You guys needed a win.
And finally you got it.
You guys needed a win.
COVID was for you.
COVID was for flaky people.
I remember at the beginning when it wasn't even,
like it was in like other countries
and we weren't even really doing anything about it here yet.
And people were like,
oh, sorry, I'm really worried about this COVID thing.
And it was like, yeah, the flakiest friends,
they were really getting on it.
There was something about that period of time
that like looking back on
is so embarrassing of like
making jokes about like yeah okay
we're not gonna go cause of COVID
do you remember what I'm talking about like we really
didn't think it was gonna turn into anything I never joked like this
yes you did I never joked like this
as soon as I heard about this I said this is serious
Caleb and I were doing jokes
in a group chat about a show we ran together
in Chicago being like, I guess we should
cancel the show.
The funniest thing
ever is that Shelby and I ran a weekly show together
in Chicago for two years.

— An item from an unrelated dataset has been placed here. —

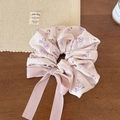 Détail d'un chouchou en mousseline fleurie rose avec un long nœud sur fond en bois - Rose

Weekly live
show. And it was absolute chaos
every time. And we canceled
it one week for COVID
because we were like, that's a little scary. The only time we've ever canceled the show.
Only time we've ever canceled the show.
I mean, we did it.
Rain, shine.
Two people in the audience.
We did the show.
Canceled it once for COVID.
Never happened again.
That was our last show.
Rest in peace, baby girl.
Our last show was the week before.
You were really powerful when you were.
Hey, rest in peace, baby girl.
Rest in peace.
I always want to say rest in peace to my new show.
It was weekly comedy show in Chicago because when it was up,
it was up.
And when it was down, it was up. And when it was down,
it was down.
If it's up,
then it's up,
then it's up.
But yeah,
that show was really good
and I loved it.
Rest in peace.
Rest in peace.
Rest in peace.
Oh, I learned you're not
supposed to say
rest in power anymore.
Or you maybe never were.
What's up say rest in power anymore. Or you maybe never were. What's up?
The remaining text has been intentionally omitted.